**Exercise brief**
Give again, exactly as written, the lines of the records below from the line with "Spotless Crake - ML200189881" to the line with "Romania 1992, Fish". Both end lines count; pictures do not.

**Records supplied**
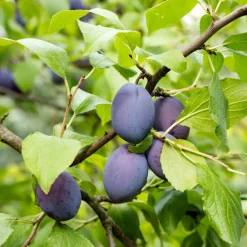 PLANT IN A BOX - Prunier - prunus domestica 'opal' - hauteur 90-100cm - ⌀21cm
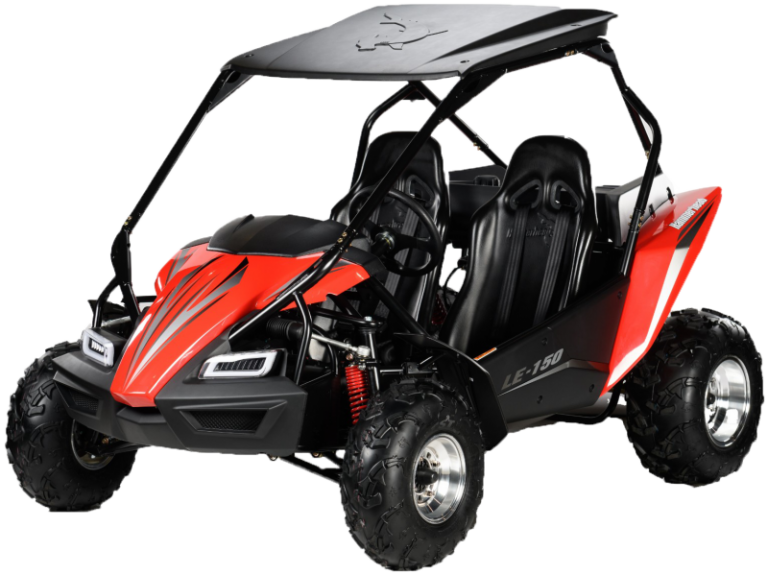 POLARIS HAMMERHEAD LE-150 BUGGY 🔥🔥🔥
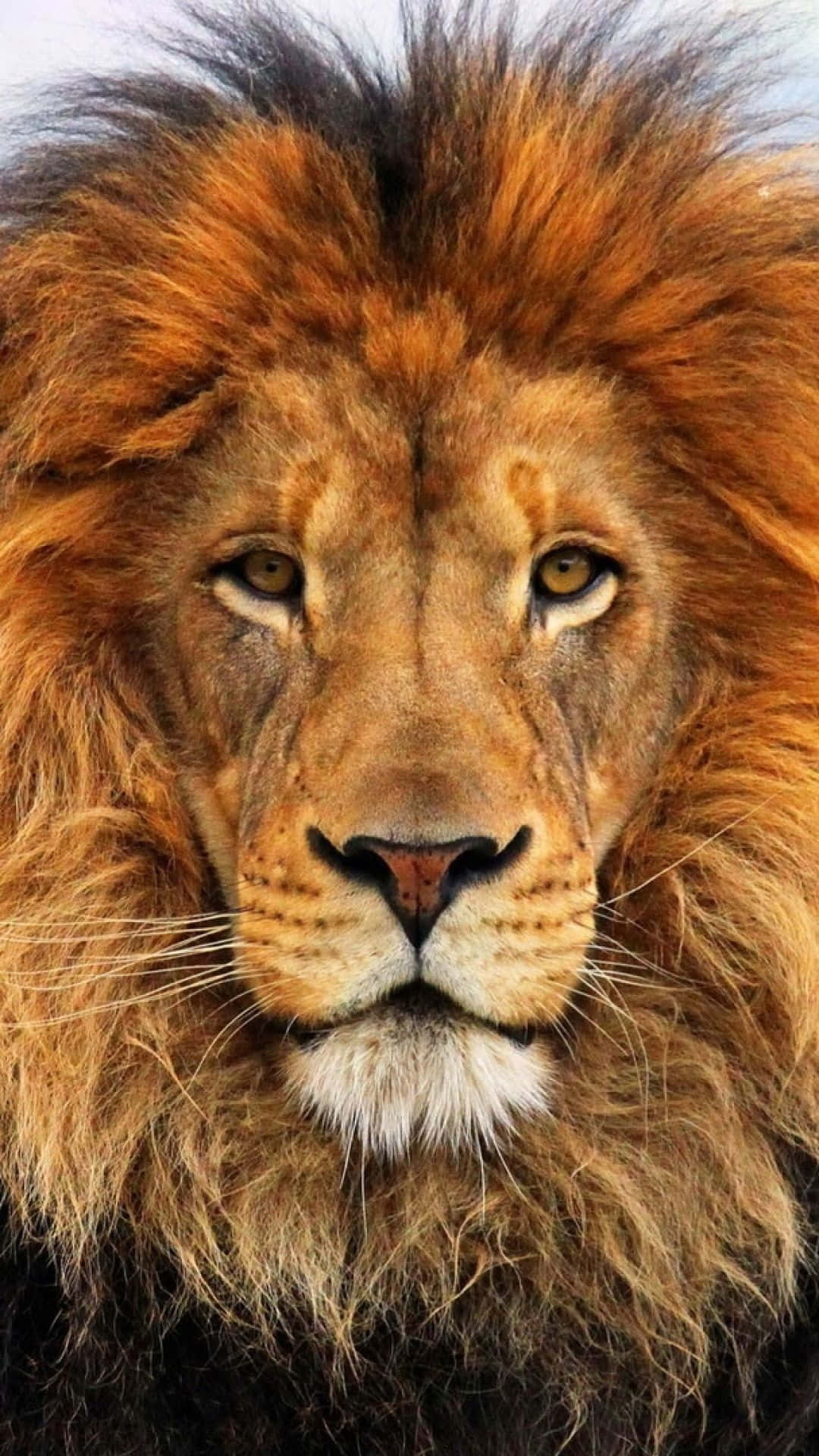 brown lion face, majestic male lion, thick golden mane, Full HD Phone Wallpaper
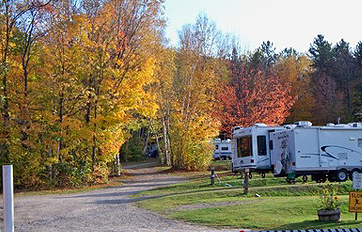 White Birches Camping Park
--
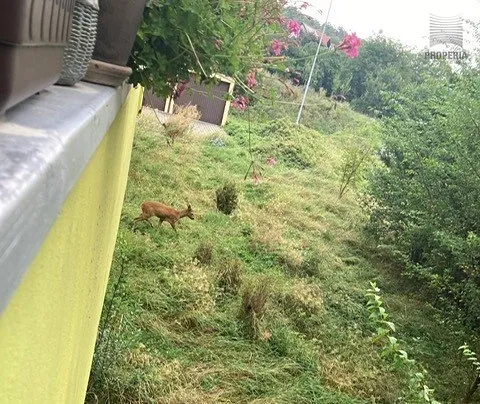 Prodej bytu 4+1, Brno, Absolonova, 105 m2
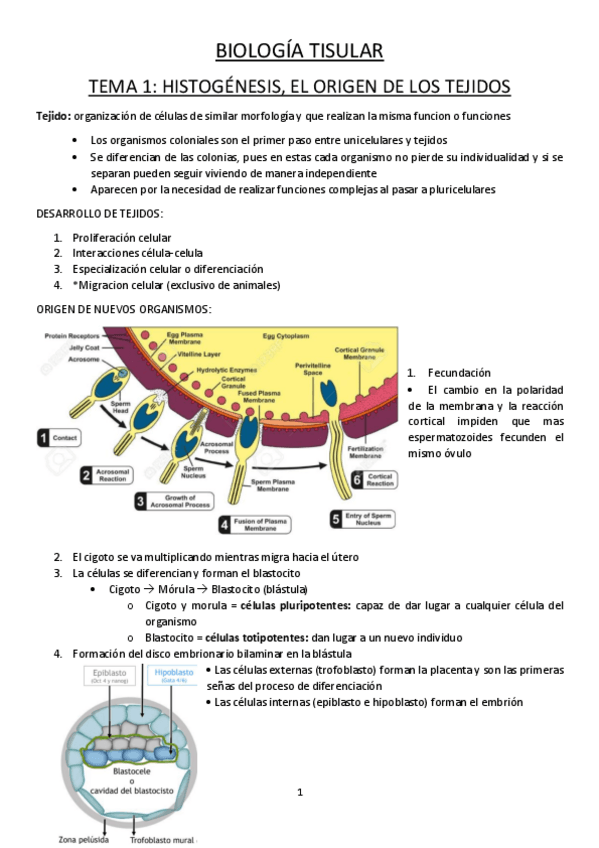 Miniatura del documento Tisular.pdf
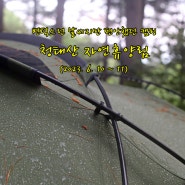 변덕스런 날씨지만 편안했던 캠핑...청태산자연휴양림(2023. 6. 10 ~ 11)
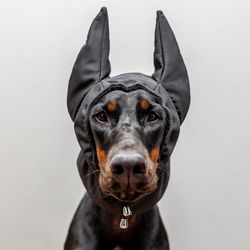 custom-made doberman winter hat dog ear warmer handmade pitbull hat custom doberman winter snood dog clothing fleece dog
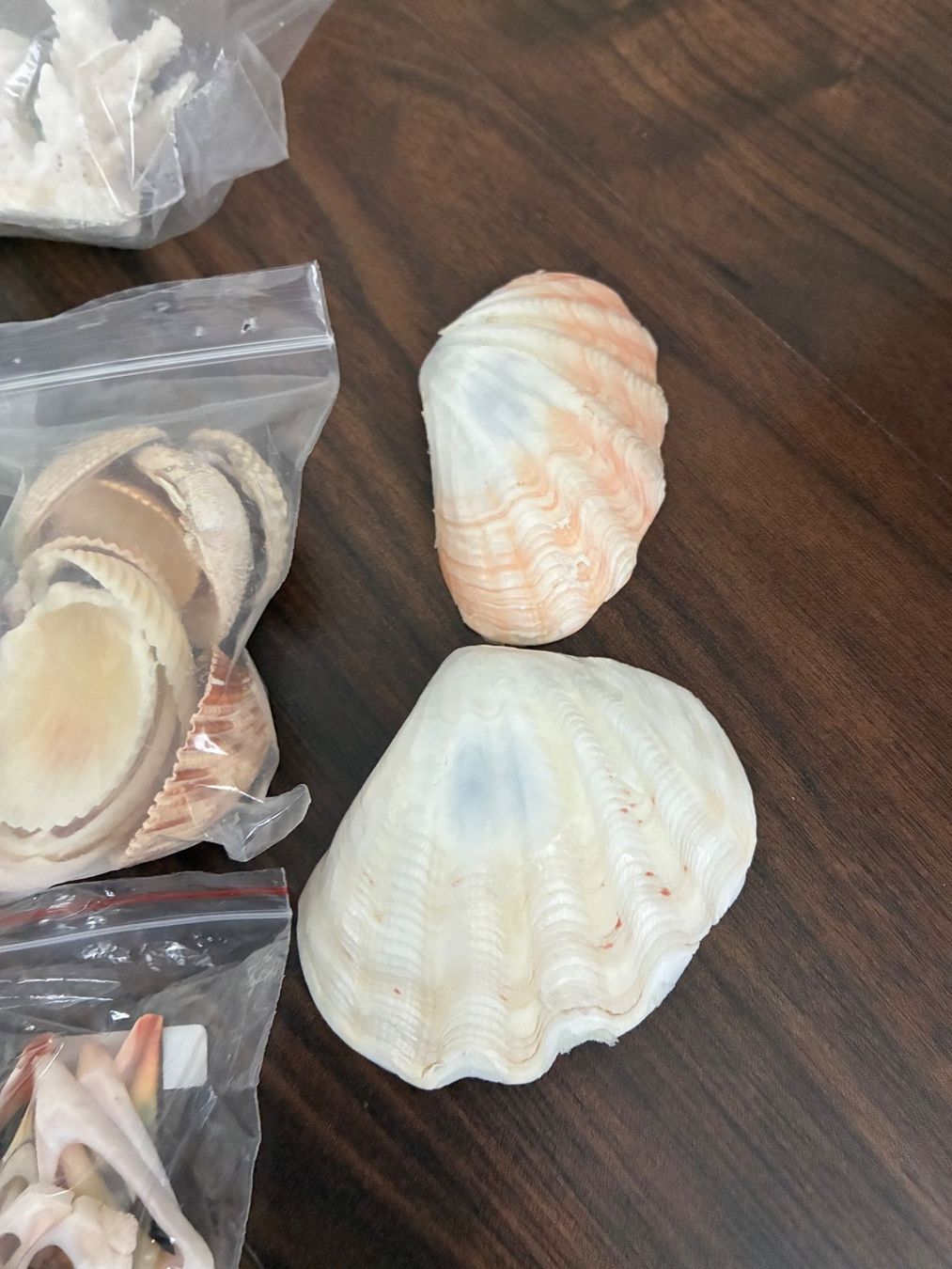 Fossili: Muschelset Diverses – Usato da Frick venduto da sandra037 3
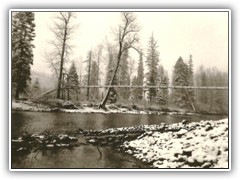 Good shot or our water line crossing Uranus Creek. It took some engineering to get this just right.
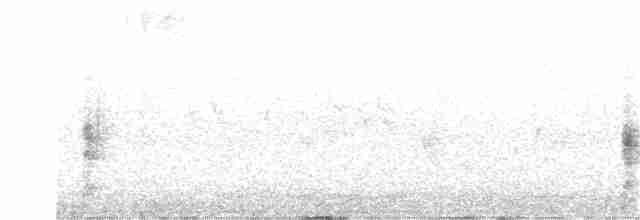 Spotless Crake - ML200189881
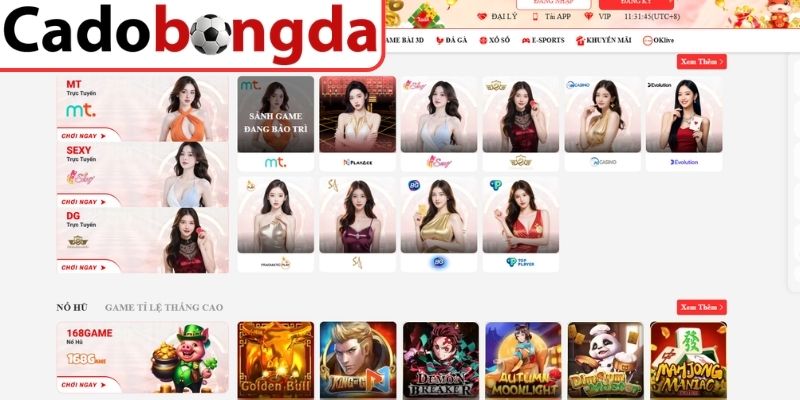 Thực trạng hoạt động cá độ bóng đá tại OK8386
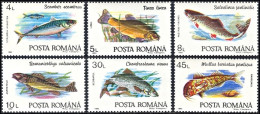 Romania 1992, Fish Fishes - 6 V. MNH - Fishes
* * *
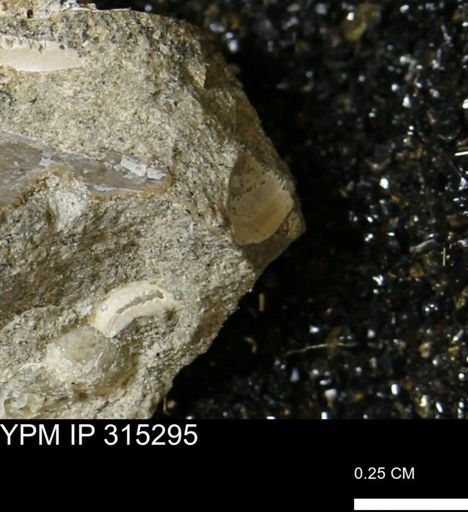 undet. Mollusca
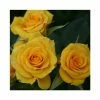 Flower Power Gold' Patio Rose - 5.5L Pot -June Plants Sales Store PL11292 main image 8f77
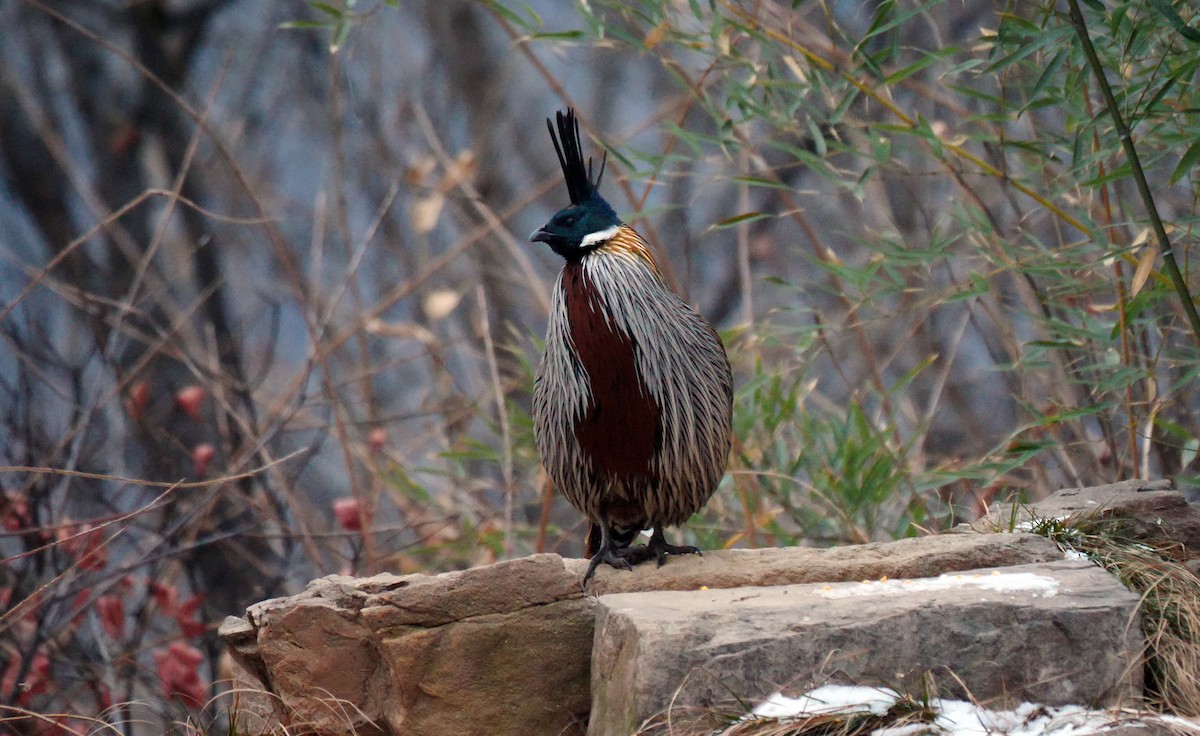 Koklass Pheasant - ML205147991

**Answer to the exercise**
 Spotless Crake - ML200189881
 Thực trạng hoạt động cá độ bóng đá tại OK8386
 Romania 1992, Fish Fishes - 6 V. MNH - Fishes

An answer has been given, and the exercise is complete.